Hermès, le fabuleux messager
Esopo, l’écrivain de fables le plus célèbre, utilisait souvent Hermès comme personnage dans ses courtes histoires morales. Son rôle de dieu pastoral des voyageurs convenait particulièrement aux décors ruraux présents dans nombre de ses récits. Theoi.com collecte ces fables en un même endroit, incluant peut-être la plus célèbre d’entre elles, qui raconte l’histoire d’un bûcheron qui laisse tomber accidentellement sa hache dans une rivière.
Assis là, pleurant sa propre bêtise, Hermès apparaît et lui promet de l’aider. Il plonge dans la rivière et remonte avec une hache en or. L’homme nie que cette hache dorée soit la sienne, si bien qu’Hermès replonge et revient cette fois-ci avec une hache en argent.

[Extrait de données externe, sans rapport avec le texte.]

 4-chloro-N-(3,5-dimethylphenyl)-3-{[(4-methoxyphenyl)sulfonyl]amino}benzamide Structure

L’homme affirme également que ce trésor ne lui appartient pas. Hermès s’enfonce alors une troisième fois, revenant avec la hache du bûcheron. En récompense de son honnêteté, Hermès offre à cet homme les trois haches.

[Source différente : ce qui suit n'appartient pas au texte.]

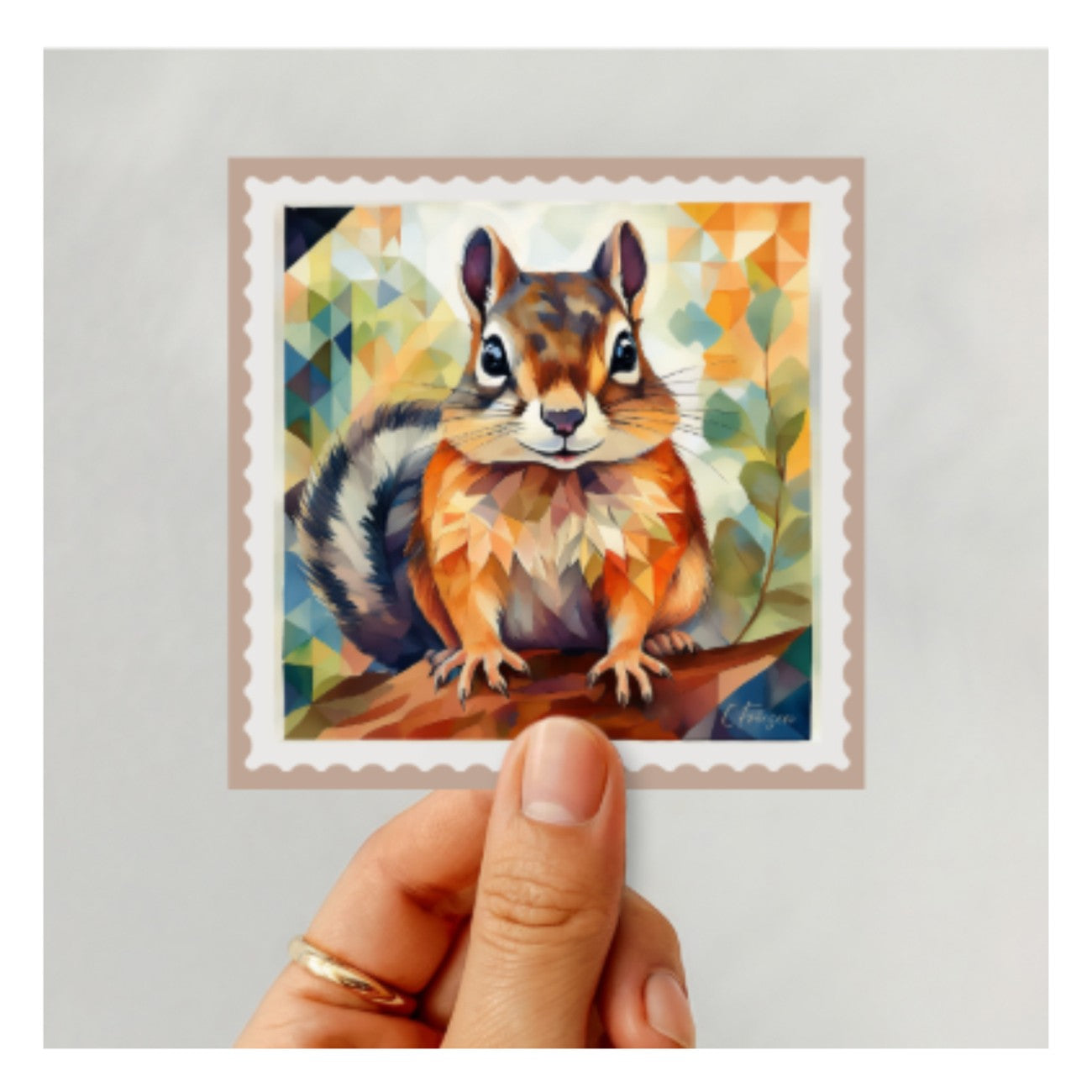 Chipmunk Stamp Sticker 6pk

Lorsque l’un des amis du bûcheron entend cette histoire, il jette volontairement sa propre hache dans l’eau et tente de revendiquer la hache dorée lorsqu’Hermès la présente. Pour sa cupidité et son malhonnêteté, Hermès s’en va sans même récupérer la véritable hache de cet homme.

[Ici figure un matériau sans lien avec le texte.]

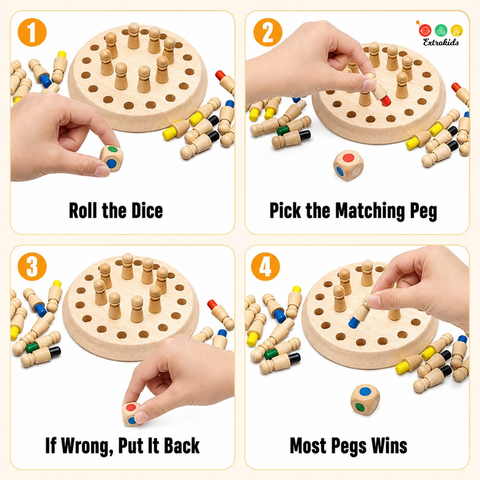 Classic Wooden Color Memory Chess | Fun Intelligence Game for Kids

D’autres récits mettent en avant Hermès comme distributeur de connaissances aux humains, tout en infusant un soupçon de tromperie chez tous les artisans et commerçants.
Hermès égyptien : le grand, grand, grand
Au fur et à mesure que les Grecs, puis les Romains, étendaient leur influence à travers le monde méditerranéen par la conquête, ils observaient fréquemment des similitudes entre leurs propres dieux et ceux des territoires intégrés à leur empire. Ce phénomène conduisait souvent à une vision syncrétique des divinités, où le dieu gréco-romain et le dieu local étaient considérés comme deux aspects d’une même entité divine. Ce processus, comme l’explique l’Encyclopedia Britannica, est connu sous le nom de syncrétisme.
Cette tendance était particulièrement marquée durant la période hellénistique, suite aux conquêtes d’Alexandre le Grand, notamment entre les dieux grecs et égyptiens. Le dieu égyptien qui fût assimilé avec Hermès était Thoth, le dieu de la sagesse, de l’écriture et de la magie. Cette mise en avant de l’aspect linguistique d’Hermès a conduit à sa reconnaissance comme divinité du langage et de la traduction. Aujourd’hui encore, l’étude des traductions et des interprétations est désignée par le terme de herméneutique.
Les Égyptiens hellénistiques ont commencé à percevoir Thoth-Hermès comme un dieu de la sagesse et de l’enseignement secret, lui attribuant finalement l’épithète de Trismégiste, signifiant « trois fois grand ». La figure d’Hermès Trismégiste a alors pris une separate autonomie de celle du messager divin grec, devenant le prétendu auteur d’un vaste corpus d’écrits mystiques abordant des sujets tels que l’alchimie et l’astrologie. La nature secrète de ses écrits était si étroite qu’encore aujourd’hui, une chose dans un conteneur hermétique est dite être hermetiquement scellée.